Beliefs rather than Proofs

Humans seem to be able to avoid Gödelian problems with reflection, but they may do this by having confidence in statements which they cannot prove, and manipulating uncertainty about logical facts rather than dealing in absolute assertions of truth. The set of “statements I strongly believe” seems to differ in important ways from the set of “statements I can prove” in several important ways; for example, if I am confident of a statement at one point in time I am not committed to remaining confident indefinitely.

I suspect that a satisfactory theory of reflective beliefs would go far towards resolving the AI reflection problem, but this is hardly more than a restatement of the problem. Translating from proofs to beliefs does not immediately resolve the problems with self-reference, it just replaces them with subtly different issues. For example, it is easy to see that an agent should not believe that its own beliefs are well-calibrated on all questions, and so we must attempt to formalize a version of the self-consistency hypothesis which is weak enough to be defensible but still strong enough to escape the shortcomings described above. I hope to make several posts on this topic in the near future.

Ignorance

Understanding this issue may not be necessary to building safe AGI. Indeed, self-modification may ultimately play a minimal role in intelligence, or we may settle for executing self-modifications using weaker justification. However if we accept usual arguments about the importance of FAI, then we should not be satisfied with this solution.

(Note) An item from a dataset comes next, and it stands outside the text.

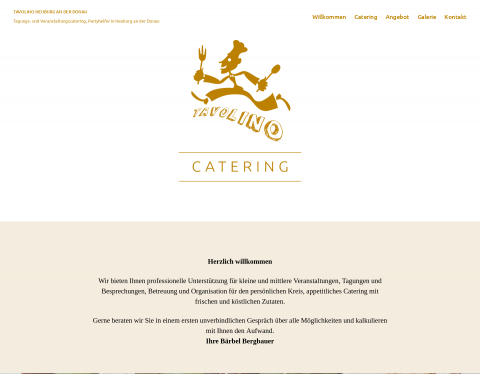 Website-Vorschau von Tavolino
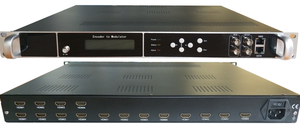 Coaxial RF 24 HD H264 1080P Full HD RF ISDBT Modulador codificador de TV por cable digital - Product Image 4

The importance of self-modification is an open question which has received much discussion here and elsewhere. It is worth adding that, to the extent that we are concerned with influencing probable outcomes for humanity, the highest leverage scenarios seem to be those in which self-modification tends to result in positive feedback loops and takeoff (if we assign such scenarios significant weight). That is, in such scenarios we should be particularly cautious about building self-modifying systems, but there is also a much greater imperative to understand how to design safe and stable AI.

Standard arguments surrounding FAI (particularly, the importance of early AI goal systems and the fragility of humane value) suggest that agents should have high degrees of confidence in a change before executing it. If an agent’s beliefs are not correctly related to reality, the resulting behavior may be as dangerous as if the agent’s valus were modified. For example, incorrect beliefs about logical structure which cause that agent to fail to preserve its own values in subsequent rewrites, or incorrect beliefs about the relationships between value and reality.